Dwi Kartini

Belum menuliskan informasi profilenya.

Selengkapnya
Navigasi Web
ROSSENMONTAG : Aku Tidak Memilih Surga Ini

ROSSENMONTAG : Aku Tidak Memilih Surga Ini

Rossenmontag : Aku Tidak Menginginkan Surga ini

Musim semi selalu membawa aura yang berbeda. Bunga – bunga yang sembunyi selama musim dingin- tidak berani menampakan keindahannya, malu - malu mulai bermekaran. Pohon - pohon yang melepaskan daunnya pada awal musim gugur- dan tertidur selama musim dingin, tampak gundul. Namun tetap saja indah. Batang pohon dengan warna coklat kegelapan, dengan tekstur kulit yang kasar berbelah, tetap saja memperlihatkan kegagahannya. Suhu dipenghujung bulan Maret tidak sedingin musim di Bulan – Bulan Desember hingga Januari. Matahari malu – malu mau berbagi kehangatan.Ini musim yang paling ditunggu – tunggu. Di bulan Maret - Mei akan banyak orang menikah. Seperti pertanda awal percintaan. Orang – orang tak lagi harus menggunakan mantel yang tebal, menyulitkan untuk bergerak.

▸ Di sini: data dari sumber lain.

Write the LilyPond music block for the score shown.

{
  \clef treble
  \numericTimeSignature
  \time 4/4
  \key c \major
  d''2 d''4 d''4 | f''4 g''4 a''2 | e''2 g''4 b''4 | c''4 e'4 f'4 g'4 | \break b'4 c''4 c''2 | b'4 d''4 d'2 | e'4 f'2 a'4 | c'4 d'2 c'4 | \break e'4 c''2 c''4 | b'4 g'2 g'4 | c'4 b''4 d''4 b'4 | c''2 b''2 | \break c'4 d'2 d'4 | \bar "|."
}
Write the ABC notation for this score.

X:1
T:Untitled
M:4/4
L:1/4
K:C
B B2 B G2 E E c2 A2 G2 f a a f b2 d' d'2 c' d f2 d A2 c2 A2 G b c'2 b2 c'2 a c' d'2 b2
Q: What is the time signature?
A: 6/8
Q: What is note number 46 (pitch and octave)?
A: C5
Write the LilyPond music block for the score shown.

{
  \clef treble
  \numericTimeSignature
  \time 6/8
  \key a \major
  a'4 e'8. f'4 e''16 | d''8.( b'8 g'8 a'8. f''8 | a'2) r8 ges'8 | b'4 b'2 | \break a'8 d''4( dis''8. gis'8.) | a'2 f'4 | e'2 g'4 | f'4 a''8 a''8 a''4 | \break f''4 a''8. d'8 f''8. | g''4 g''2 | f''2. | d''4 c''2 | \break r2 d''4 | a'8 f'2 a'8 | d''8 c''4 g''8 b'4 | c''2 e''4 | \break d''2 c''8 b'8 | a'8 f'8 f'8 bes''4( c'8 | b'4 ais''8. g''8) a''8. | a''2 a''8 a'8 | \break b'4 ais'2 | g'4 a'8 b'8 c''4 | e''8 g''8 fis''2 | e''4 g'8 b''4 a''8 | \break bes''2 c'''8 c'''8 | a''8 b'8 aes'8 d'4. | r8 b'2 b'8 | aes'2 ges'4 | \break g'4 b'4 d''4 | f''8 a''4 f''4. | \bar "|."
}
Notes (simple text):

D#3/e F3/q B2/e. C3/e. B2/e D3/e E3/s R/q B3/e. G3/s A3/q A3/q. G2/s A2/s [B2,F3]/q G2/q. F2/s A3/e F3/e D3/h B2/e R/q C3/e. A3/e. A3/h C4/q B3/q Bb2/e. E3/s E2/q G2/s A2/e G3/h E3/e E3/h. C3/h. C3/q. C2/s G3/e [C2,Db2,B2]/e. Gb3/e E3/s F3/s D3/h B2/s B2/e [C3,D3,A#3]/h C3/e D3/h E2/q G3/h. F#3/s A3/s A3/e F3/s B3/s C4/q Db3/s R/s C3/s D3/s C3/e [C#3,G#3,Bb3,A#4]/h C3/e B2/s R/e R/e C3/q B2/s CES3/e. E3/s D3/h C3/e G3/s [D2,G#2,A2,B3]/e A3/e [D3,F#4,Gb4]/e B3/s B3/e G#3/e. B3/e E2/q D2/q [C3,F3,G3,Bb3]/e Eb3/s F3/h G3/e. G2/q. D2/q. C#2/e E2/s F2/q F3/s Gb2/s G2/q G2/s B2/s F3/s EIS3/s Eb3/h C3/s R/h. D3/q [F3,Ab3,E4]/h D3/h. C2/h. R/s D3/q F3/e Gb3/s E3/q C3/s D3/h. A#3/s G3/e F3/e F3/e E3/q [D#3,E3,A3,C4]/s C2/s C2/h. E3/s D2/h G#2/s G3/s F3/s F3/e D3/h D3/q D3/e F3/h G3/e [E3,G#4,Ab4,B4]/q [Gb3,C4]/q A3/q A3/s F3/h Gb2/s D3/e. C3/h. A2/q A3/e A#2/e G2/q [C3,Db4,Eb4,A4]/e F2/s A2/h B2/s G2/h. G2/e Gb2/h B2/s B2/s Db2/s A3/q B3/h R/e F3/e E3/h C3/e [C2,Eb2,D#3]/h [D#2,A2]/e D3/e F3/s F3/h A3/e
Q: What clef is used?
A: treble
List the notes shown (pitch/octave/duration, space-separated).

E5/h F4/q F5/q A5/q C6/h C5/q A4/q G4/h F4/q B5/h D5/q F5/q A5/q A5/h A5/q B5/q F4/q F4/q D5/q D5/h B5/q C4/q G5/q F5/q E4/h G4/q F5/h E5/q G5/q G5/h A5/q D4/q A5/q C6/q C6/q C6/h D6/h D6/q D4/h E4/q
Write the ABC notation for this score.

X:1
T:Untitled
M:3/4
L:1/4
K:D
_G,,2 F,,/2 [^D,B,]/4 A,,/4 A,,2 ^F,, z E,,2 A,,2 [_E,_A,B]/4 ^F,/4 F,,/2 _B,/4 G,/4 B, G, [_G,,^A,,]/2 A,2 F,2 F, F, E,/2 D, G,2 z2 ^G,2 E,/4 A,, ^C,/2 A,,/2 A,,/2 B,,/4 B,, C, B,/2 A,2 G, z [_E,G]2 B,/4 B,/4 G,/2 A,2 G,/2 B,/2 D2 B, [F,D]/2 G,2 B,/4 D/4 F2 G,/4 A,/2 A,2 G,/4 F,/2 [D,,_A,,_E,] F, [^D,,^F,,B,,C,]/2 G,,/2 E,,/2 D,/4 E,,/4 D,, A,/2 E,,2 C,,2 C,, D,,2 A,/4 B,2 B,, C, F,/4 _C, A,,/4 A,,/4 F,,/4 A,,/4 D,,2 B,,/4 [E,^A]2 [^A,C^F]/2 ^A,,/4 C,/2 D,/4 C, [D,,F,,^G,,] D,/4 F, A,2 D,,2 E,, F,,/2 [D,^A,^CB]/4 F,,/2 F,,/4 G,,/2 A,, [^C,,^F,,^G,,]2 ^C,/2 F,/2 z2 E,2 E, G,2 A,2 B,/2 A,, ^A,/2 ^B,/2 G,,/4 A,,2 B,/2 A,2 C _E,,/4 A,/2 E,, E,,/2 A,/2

Aku matikan kran di bathtub, dan mulai menengelamkan diri dalam buihan busa – busa. Terasa hangat. Aku memejamkan mata, menikmati setiap aliran air yang mengenai kulit hingga ke pori – pori. 30 Menit waktu yang kuhabiskan untuk memanjakan diri, setelah itu aku harus segera bergegas ke Ď‹bach – Palenberg. Di sana ada perayaan Rossenmontag. Aku berjanji dengan Agung – Dermawan bertemu di sana.

Nama Agung merupakan nama gelar. Dermawan, lelaki keturunan Bali dan beragama Hindu. Ia telah lama tinggal di Jerman. Namun keluarganya sangat menjujung adat istiadat. Ia tidak diperbolehkan menikah dengan perempuan di luar kastanya. Itu sebabnya ia masih melajang.

Nama Agung adalah gelar kasta dari ksatria. Kasta ini dari golongan para raja, adipati, menteri, atau pejabat negara (pada jaman dulu). Kasta ini merupakan kasta Bangsawan. Lelaki yang berumur 32 Tahun- dengan perawakan jangkung, atletis dan berkulit putih sangat memesona. Pekerjaan Dermawan juga sangat mapan di Jerman. Sebagai pengacara handal. Hari itu, sebenarnya ada pertemuan dengan kliennya di Aachen. Ia sengaja terbang dari Swiss. Menyempatkan waktu untuk bertemu denganku. Sudah lama kami tak lagi bertemu. Terakhir saat aku berlibur di Bali pada Tahun 2003. Pertemuan yang sangat dinantikan. Kami dipisahkan oleh jarak, ruang dan waktu, namun kami terasa dekat. Kemajuan di bidang teknologi, khususnya komunikasi yang membuat hubungan tak berjarak. Kami saling mengabari lewat HP, internet atau apa saja untuk sekedar memberikan informasi satu sama lain, atau melepaskan kerinduan. Tak jarang kami bertemu di vidio call atau webcam.

Dermawan sangat sibuk.

Rossenmontag – parade atau karnaval besar – besaran. Warga turun ke jalan dengan menggunakan kostum beraneka macam. Ada yang menggunakan kostum film – karakter, menggunakan kostum kerajaan lengkap dengan topi - topinya yang terselip bulu – bulu.Kostum prajurit perang, kostum pemain sepak bola. Ada pula yang mengenakan kostum yang menakutkan seperti tokoh – tokoh jahat. Menyeramkan. Mereka berparade menggunakan mobil – mobil besar, yang dihiasi bunga - bunga dan assesories yang unik. Mereka membagikan ratusan kilogram coklat, permen, bunga dan juga mainan. ke semua orang yang berdiri dipinggir jalan. Mereka berarak – arakan menggunakan kendaraan, atau ada juga yang berjalan sambil menari – nari.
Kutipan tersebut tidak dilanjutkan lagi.